The Crystal ball in Sales - Knowing What Customers Want Before They Know It Themselves

By Nick Adams - May 1, 2015

On a showroom or store floor, salespeople have the advantage of observing customers from afar before making their approach. They can assess body language, observe facial expressions, and see how the customer is interacting with the merchandise presented before them. The salesperson may even recognize the customer from a previous visit, then establish a connection with them regarding a past experience, or even pick up the sales process right where it left off. A seasoned sales professional puts all of these “tricks” to good use to understand what customers want and how to seal the deal with them.


In the world of remote customer engagement, most of these nuances are not available to the salesperson on the other end of a phone call, chat session, or even a video chat.
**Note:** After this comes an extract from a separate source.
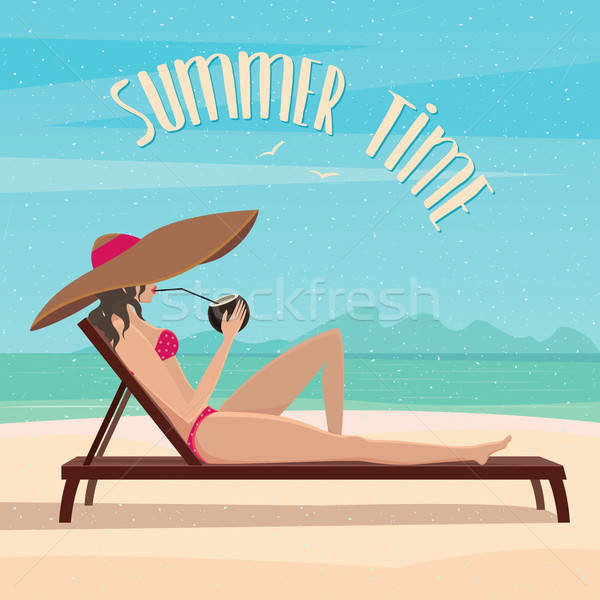 Girl lies on a beach near the sea Stock photo © alexanderandariadna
However, in most cases, there is a wealth of data that can be captured and analyzed by taking a close look at customers’ most recent actions prior to calling in, and their complete history of previous engagements. The data is out there; the challenge comes in pulling the bits and bytes from a host of disparate resources, such as chat logs, agent notes, transaction history, browser breadcrumbs, email correspondence and even social media channels, and turning that information into strategic knowledge during the collaboration session.
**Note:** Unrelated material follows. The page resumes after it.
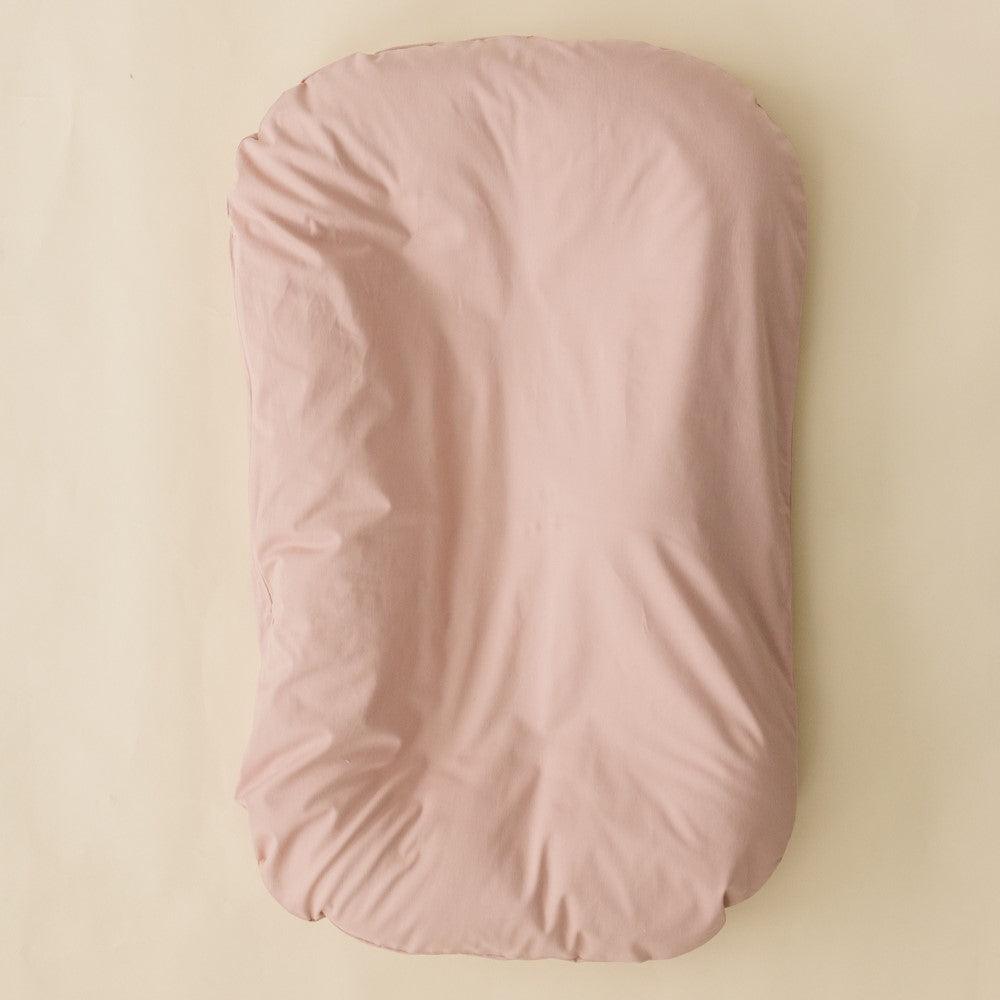Blush infant lounger cover for babies, perfect accessory for comfort and style.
The part about knowing what customers want before they know it themselves really comes to fruition when deploying insightful analytics. As humans, we often forget some of the details about what we have seen or researched, but the analytics engine does not. Powerful analytics platforms, such as the one developed by companies like Humanify, go beyond analyzing the what; they also consider the who and the how, with the ability to predict behavior in real-time. When predictive analytics is used in conjunction with business collaboration systems, customer engagement can become more personalized and efficient. For example, the system can look at transaction history to match the customer to a familiar agent – and if an agent that has worked with the customer before isn’t available, the system analyzes agent profiles to match the customer to an agent with a compatible profile. Sort of like for the contact center.

In addition to personality matching, expertise matching also comes into play. With a predictive collaboration based approach, true expertise matching can be achieved beyond what can be hoped for by a simple IVR button-press; the system will match a specific customer issue with specific agent’s expertise for enabling a significantly more productive engagement that can result in greater customer satisfaction as well as higher first-call resolution rates – whether in sales or support.

The salesperson in a remote access setting may not have the benefit of reading body language or delivering the potential customer a cup of coffee, but with the power of predictive analytics combined with modern in-application communication technologies such as WebRTC, s/he can come pretty close to something even greater: reading the customer’s mind.